───── THE RECORDS

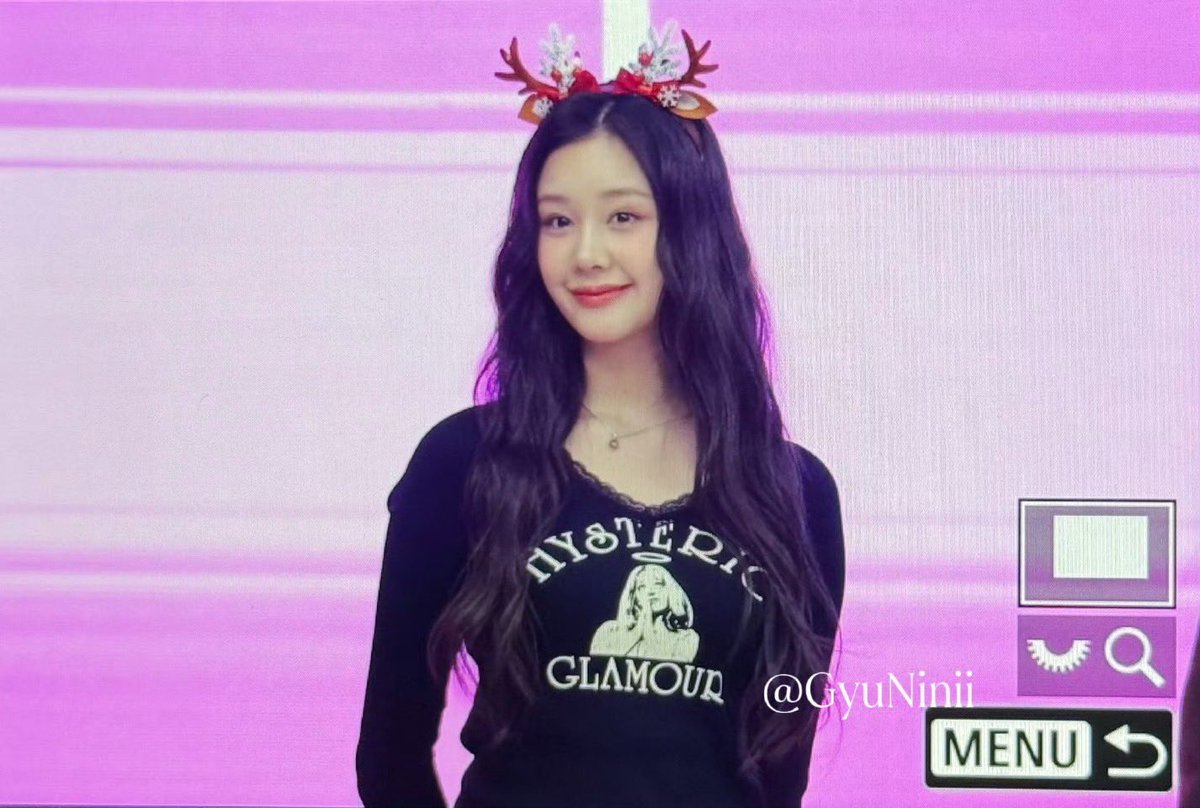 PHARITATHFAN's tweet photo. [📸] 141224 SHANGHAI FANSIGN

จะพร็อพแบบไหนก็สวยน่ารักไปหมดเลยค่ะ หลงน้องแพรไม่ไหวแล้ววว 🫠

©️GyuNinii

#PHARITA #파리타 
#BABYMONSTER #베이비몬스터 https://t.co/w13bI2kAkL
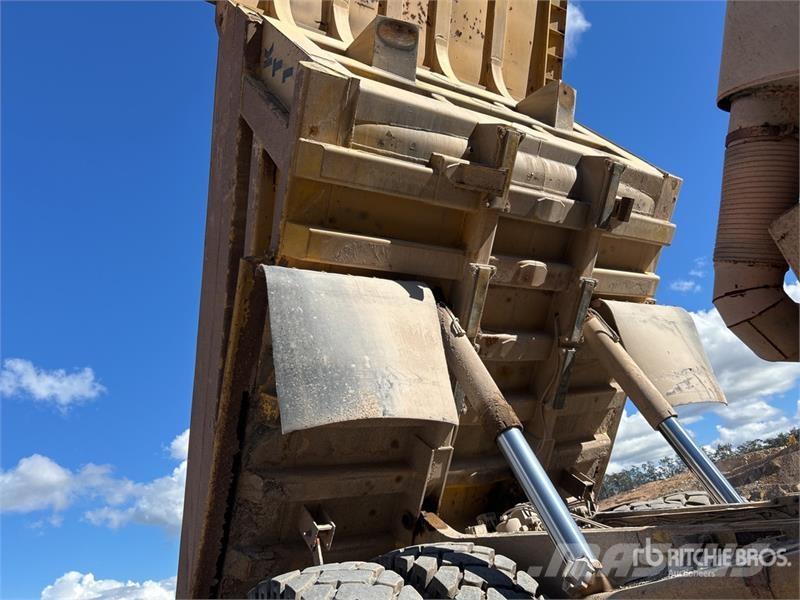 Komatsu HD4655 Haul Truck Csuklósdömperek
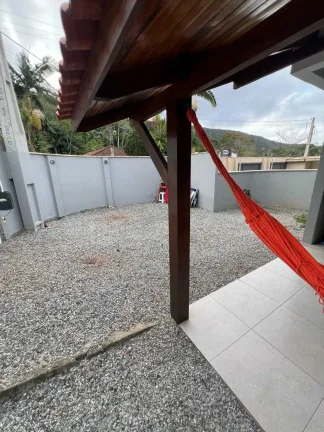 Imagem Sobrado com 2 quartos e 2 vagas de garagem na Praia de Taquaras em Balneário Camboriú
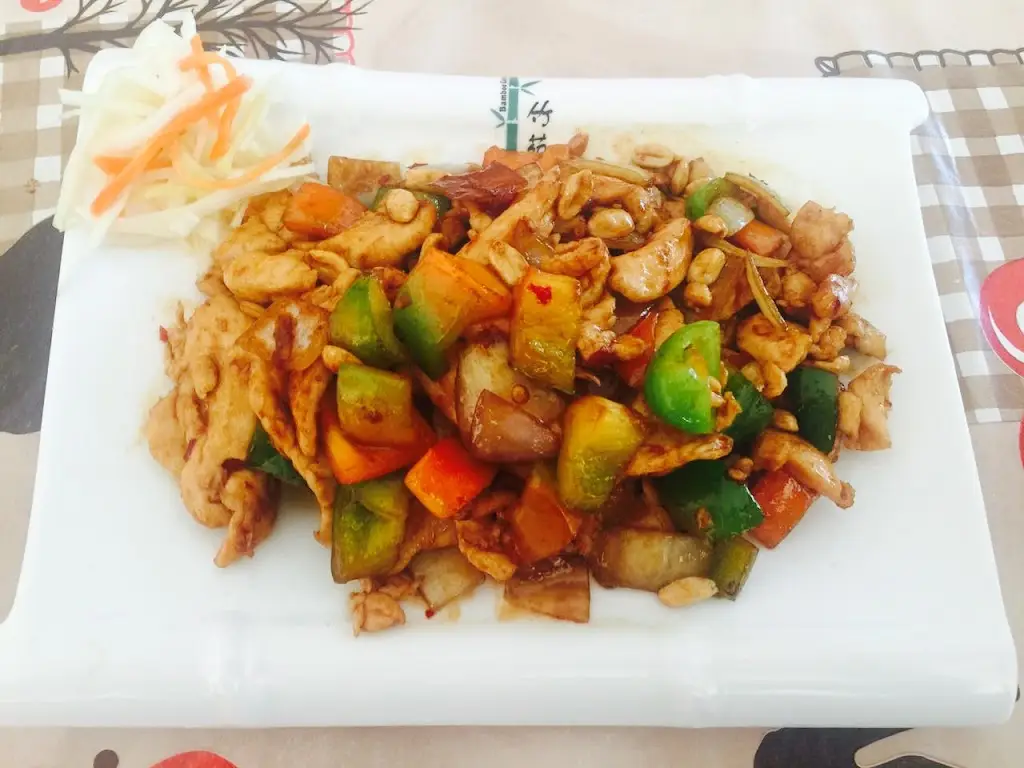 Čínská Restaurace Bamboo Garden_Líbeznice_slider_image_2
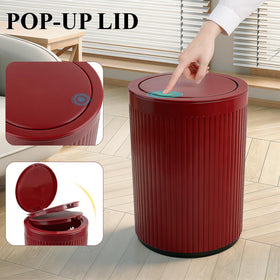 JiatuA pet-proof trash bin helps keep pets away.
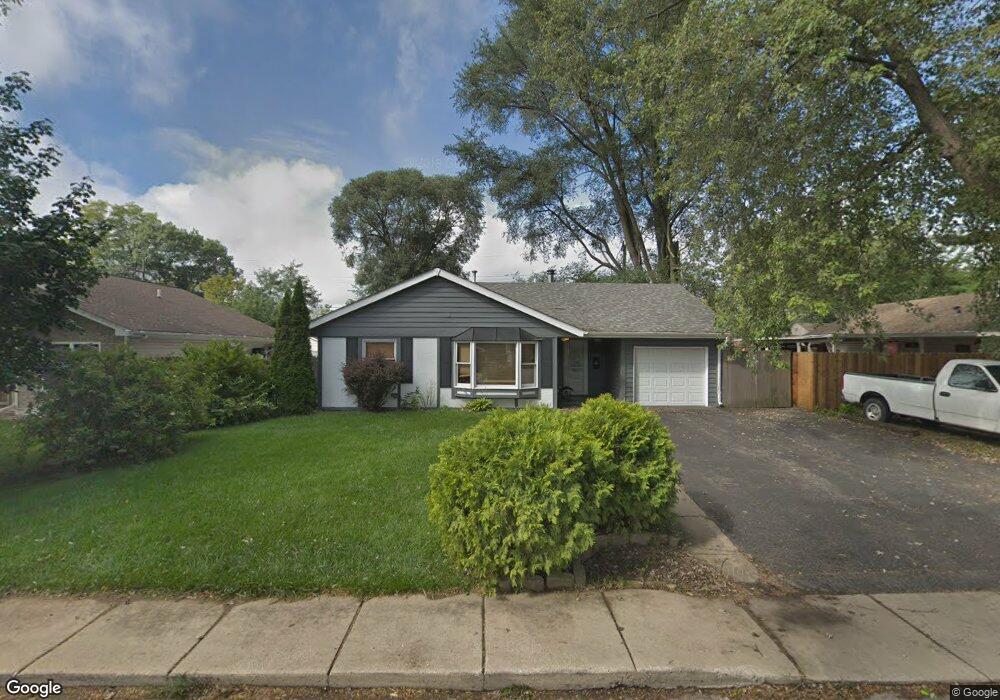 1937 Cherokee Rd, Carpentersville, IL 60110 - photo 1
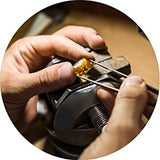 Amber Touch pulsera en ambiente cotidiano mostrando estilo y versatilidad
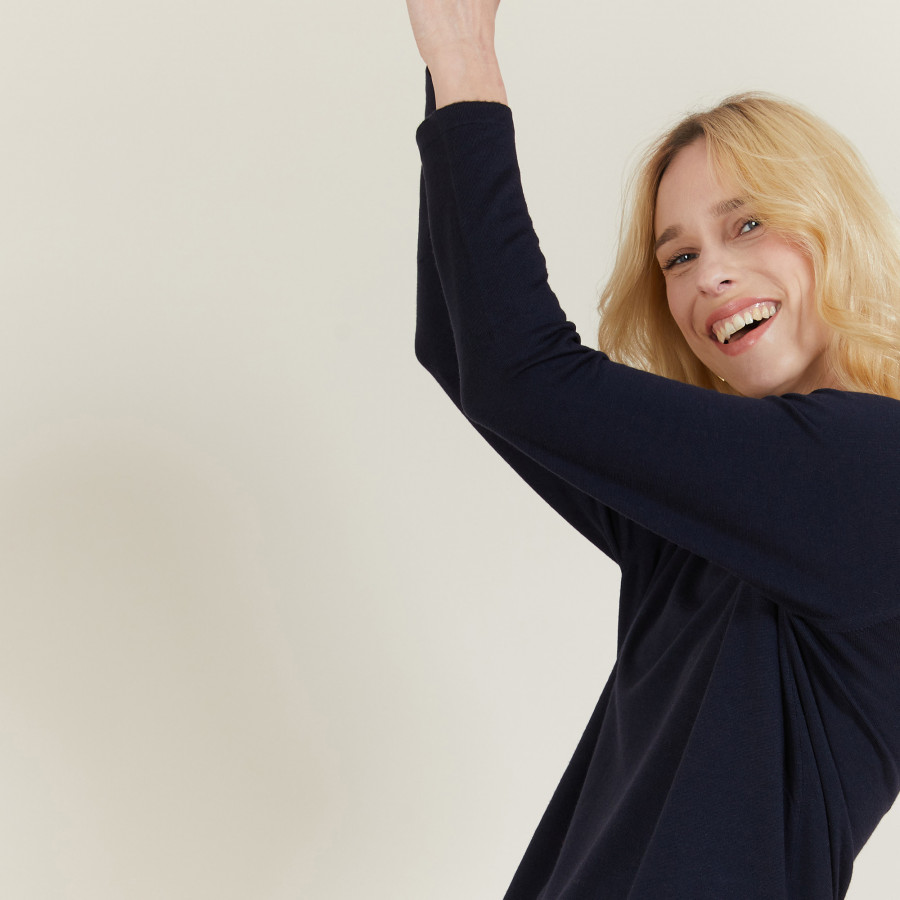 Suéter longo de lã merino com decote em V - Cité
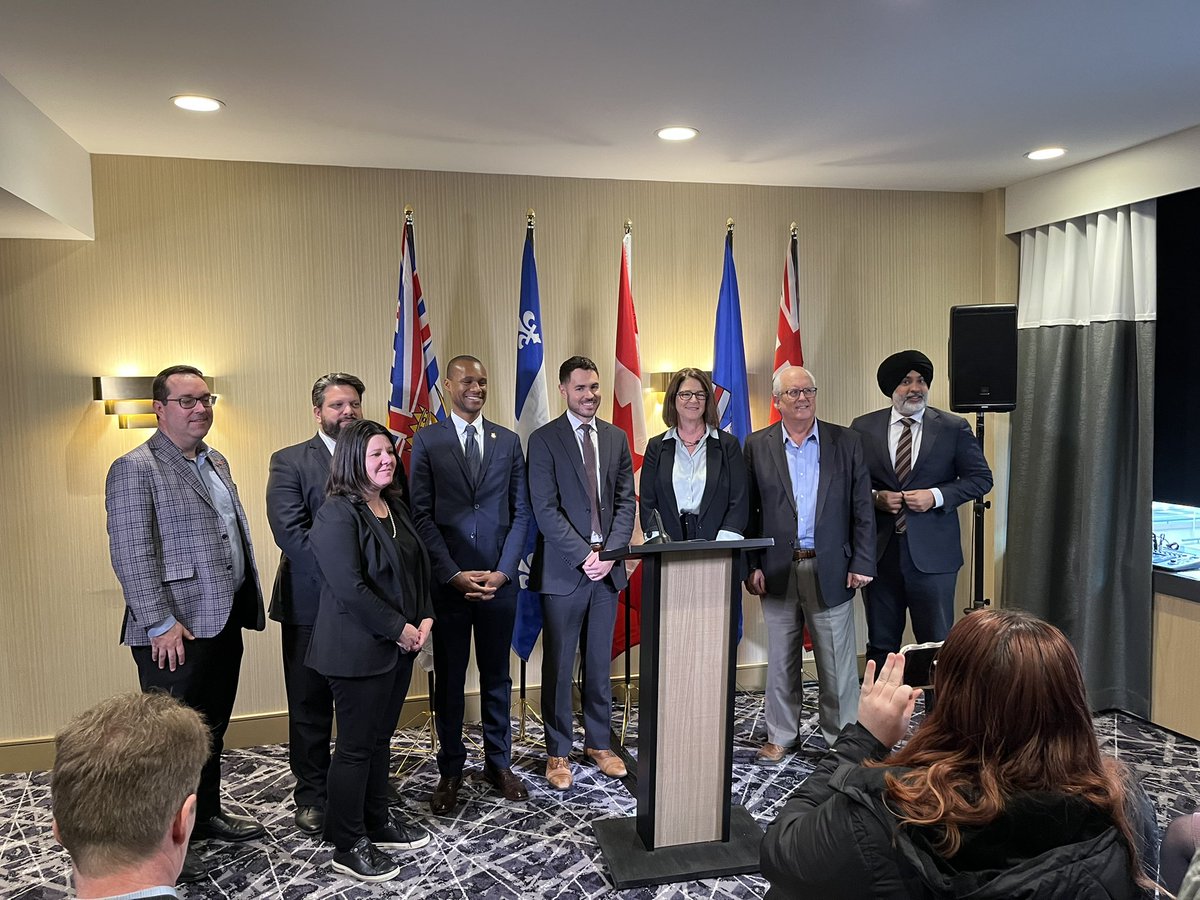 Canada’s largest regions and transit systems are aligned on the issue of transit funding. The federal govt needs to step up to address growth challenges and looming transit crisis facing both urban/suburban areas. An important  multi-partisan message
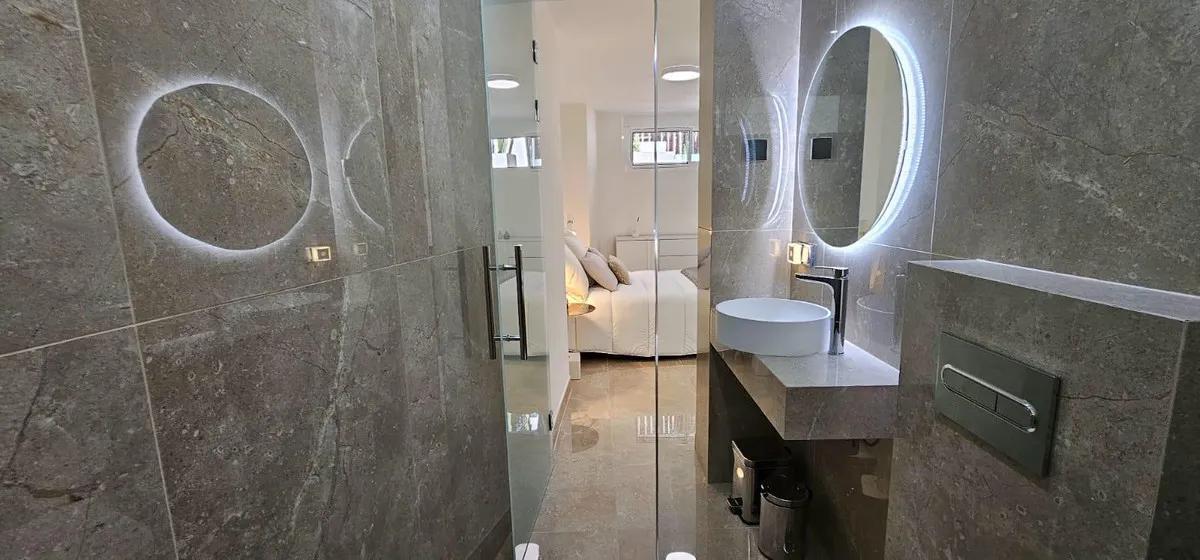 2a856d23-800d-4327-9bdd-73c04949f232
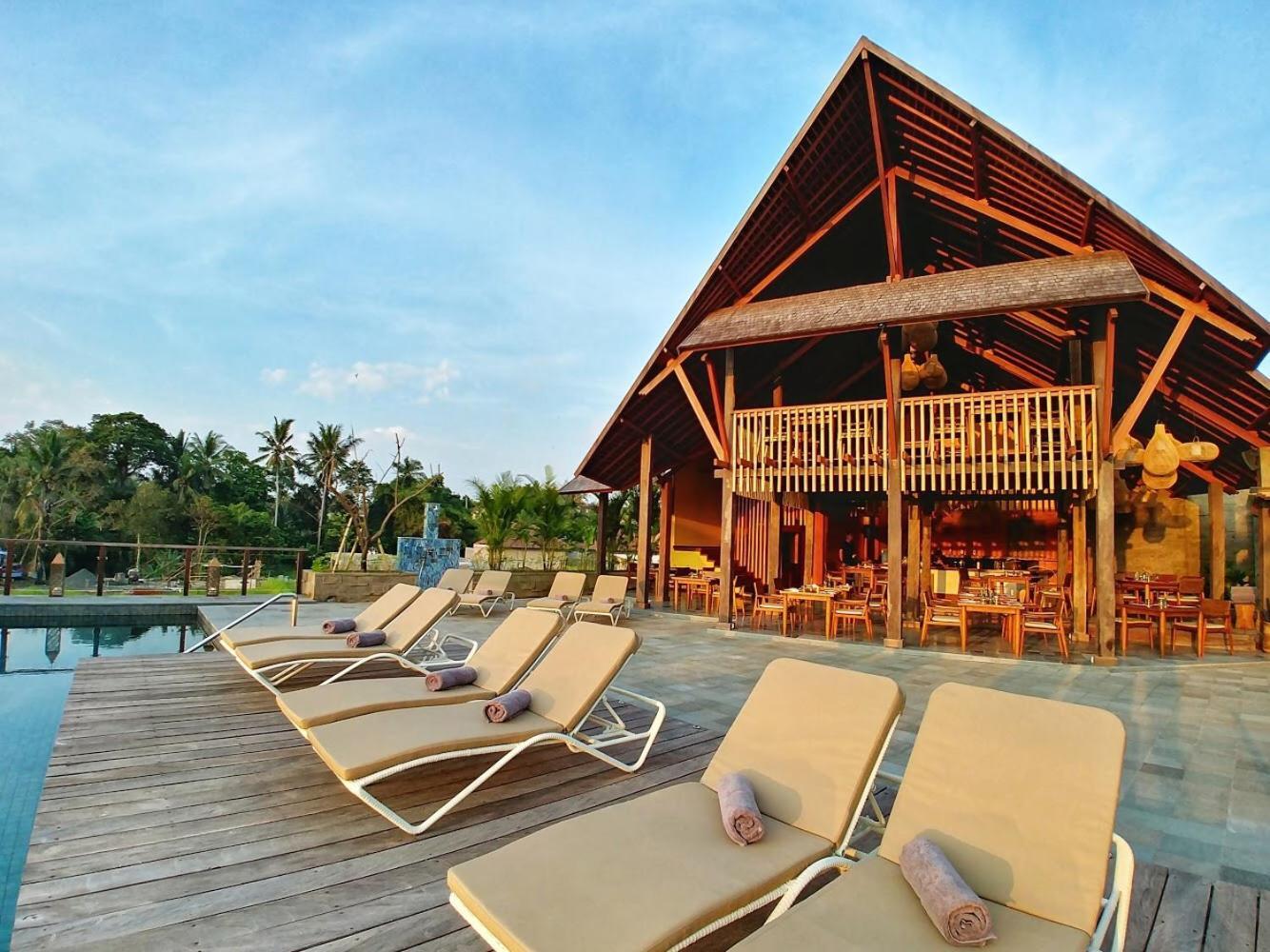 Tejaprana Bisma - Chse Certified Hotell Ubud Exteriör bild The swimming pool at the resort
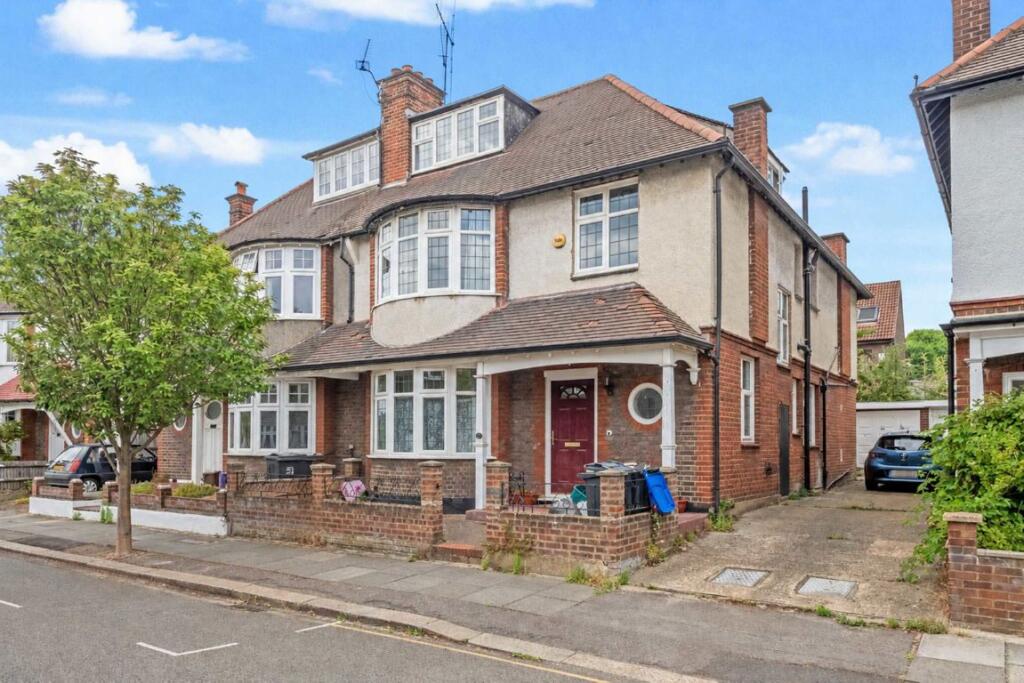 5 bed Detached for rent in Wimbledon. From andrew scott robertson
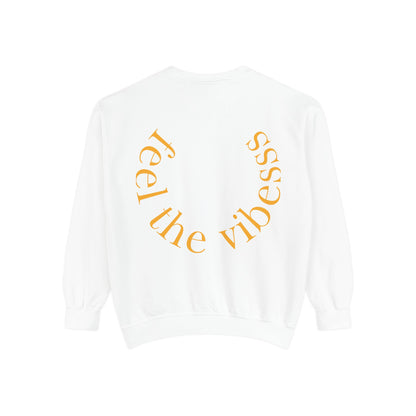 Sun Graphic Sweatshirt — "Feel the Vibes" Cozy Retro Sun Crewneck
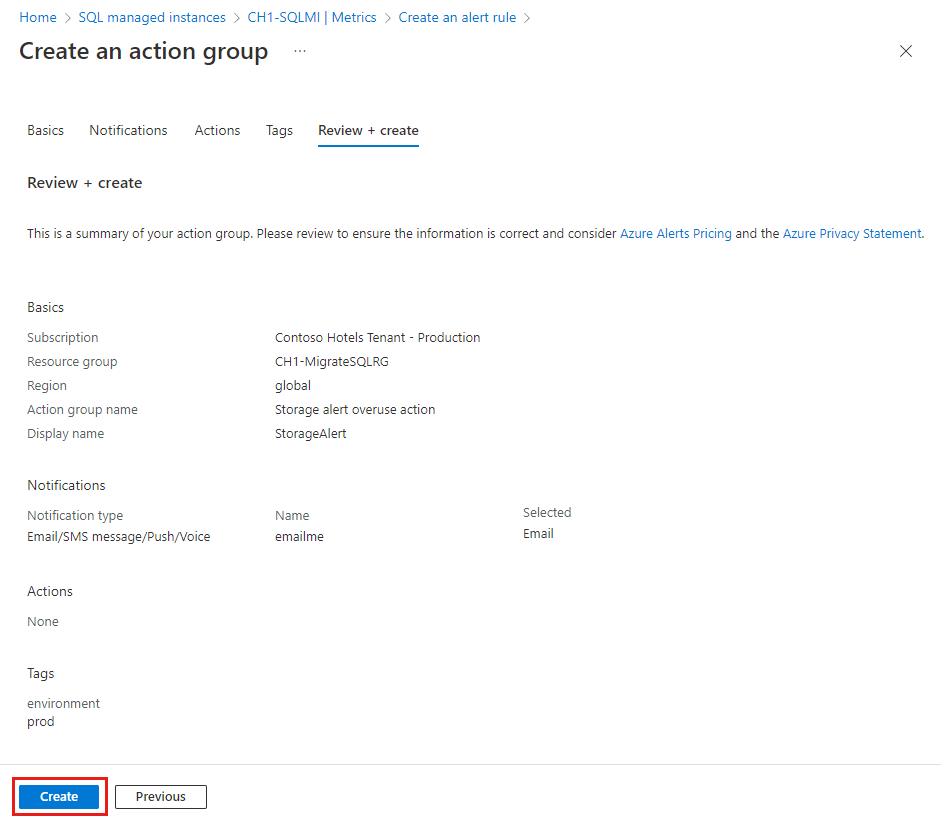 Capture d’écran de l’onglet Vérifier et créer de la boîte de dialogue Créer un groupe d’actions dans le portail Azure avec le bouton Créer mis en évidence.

──────────

- [EXERCISE DIRECTIONS]:
In the copy, include no pictures, but repeat the listing exactly.

- [RESULT OF THE TASK]:
 PHARITATHFAN's tweet photo. [📸] 141224 SHANGHAI FANSIGN

จะพร็อพแบบไหนก็สวยน่ารักไปหมดเลยค่ะ หลงน้องแพรไม่ไหวแล้ววว 🫠

©️GyuNinii

#PHARITA #파리타 
#BABYMONSTER #베이비몬스터 https://t.co/w13bI2kAkL
 Komatsu HD4655 Haul Truck Csuklósdömperek
 Imagem Sobrado com 2 quartos e 2 vagas de garagem na Praia de Taquaras em Balneário Camboriú
 Čínská Restaurace Bamboo Garden_Líbeznice_slider_image_2
 JiatuA pet-proof trash bin helps keep pets away.
 1937 Cherokee Rd, Carpentersville, IL 60110 - photo 1
 Amber Touch pulsera en ambiente cotidiano mostrando estilo y versatilidad
 Suéter longo de lã merino com decote em V - Cité
 Canada’s largest regions and transit systems are aligned on the issue of transit funding. The federal govt needs to step up to address growth challenges and looming transit crisis facing both urban/suburban areas. An important  multi-partisan message
 2a856d23-800d-4327-9bdd-73c04949f232
 Tejaprana Bisma - Chse Certified Hotell Ubud Exteriör bild The swimming pool at the resort
 5 bed Detached for rent in Wimbledon. From andrew scott robertson
 Sun Graphic Sweatshirt — "Feel the Vibes" Cozy Retro Sun Crewneck
 Capture d’écran de l’onglet Vérifier et créer de la boîte de dialogue Créer un groupe d’actions dans le portail Azure avec le bouton Créer mis en évidence.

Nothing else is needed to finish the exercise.